Hij vertelde hen ook een gelijkenis: “Niemand scheurt een lap van een nieuw kleed om op een oud kleed te zetten. Anders scheurt hij immers én het nieuwe én het oude, en de lap van de nieuwe zal niet passen bij de oude. En niemand doet jonge wijn in oude zakken, anders doet de jonge wijn de zakken barsten, waardoor de wijn zal wegvloeien en de zakken verloren gaan. Nee, jonge wijn moet in nieuwe zakken worden gedaan (zo worden beide bewaard). En niemand die oude wijn gedronken heeft, wil jonge. Want hij zegt dat de oude beter [/milder] is.”

Hier klinkt de vraag over de vastenpraktijk van de leerlingen. “Waarom vasten jouw leerlingen niet?”
Blijkbaar zien de farizeeën wél alles wat volgens hun oordeel níet klopt (er wordt niet gevast, Jezus gaat om met tollenaars, regels die overtreden worden…), maar wat er écht gebeurt, dat zien ze níet. Ze zien niet hoe G-d in hun midden aanwezig komt, noch de vreugde en het helende effect dat die Aanwezigheid met zich meebrengt en ook niet de ommekeer die het toelaten van die Aanwezigheid in je leven, teweeg brengt.
Jezus’ logica is duidelijk van een andere orde en vereist een nieuwe manier van kijken en denken, die pas te zien is als je je eigen logica durft op te schorten.
Misschien is het niet zo gek om af en toe een vastendag in te bouwen.
Vast-en om los te komen van onze manier van denken, wetten en regels, vastgeroeste ideeën, overtuigingen …
Om te (kunnen) zien waar G-d – hier en nu – gebeurt.

Lc.1,57-66 (23/12/2021)

Voor Elisabet brak de tijd aan van de bevalling en zij bracht een zoon ter wereld. De omwonenden en haar verwanten hoorden dat de Heer grote tederheid aan haar had getoond en zij verheugden zich, samen met haar. Op de achtste dag kwamen ze het jongetje besnijden en noemden het naar zijn vader Zacharias. Maar zijn moeder zei: “Nee! Het zal genoemd worden: Johannes!”
Ze antwoordden haar: “Maar er is niemand in jouw familie die deze naam draagt.” Ze wenkten nu zijn vader, hoe hij zou willen dat het genoemd werd. Hij vroeg een schrijfplankje en schreef: “Johannes is zijn naam!”
En allen verwonderden zich. Onmiddellijk kon hij weer spreken en hij zegende God.
Huiver overkwam alle omwonenden en in heel het bergland van Judea werd dit besproken. Al wat men hoorde, sloot men in het hart: “Wat zal er toch van dit jongetje worden?”, want de hand van de Heer was met hem.

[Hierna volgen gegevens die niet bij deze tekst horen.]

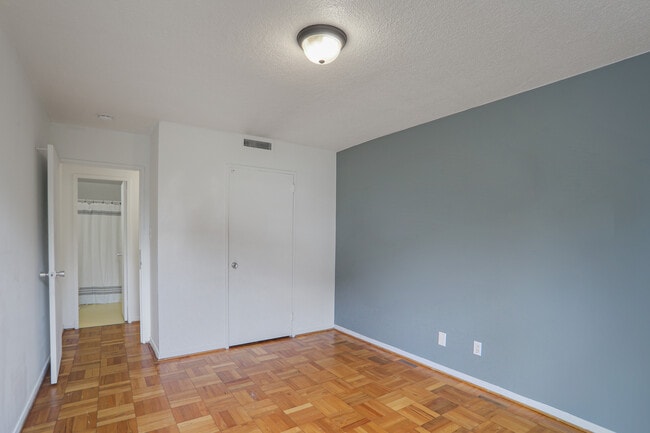 Building Photo - 2965 Pharr Ct S Northwest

Vreugde en huiver … Zo wordt omschreven wat het met je doet als je G-ds tederheid mag ervaren en hij zich liefdevol ontfermt en mensen zo nabij komt. Dat is genade!
Logisch toch dat Elisabet en Zacharias er op staan dat het kindje “Johannes” zal heten, want dat betekent juist: God is genadig!
Vandaag worden we herinnerd aan Johannes’ verjaardag en klinkt het opnieuw: Leven is genade, een geschenk dat geleefd moet worden. In dit kind kwam G-d de mensen tegemoet en dat doet hij elke keer opnieuw. Van bij het begin waagt G-d het met elk kind, met elke concrete mens, met mij.
Telkens als ik aan de wieg van een pasgeborene sta, vraag ik me af: “Wat zal er van dit mensje worden?” “Wat zal dit kleine kwetsbare kind gaan betekenen voor de wereld?” Zo brengt het zien van ‘een brokje grote tederheid’ G-ds genade bij mij aanwezig.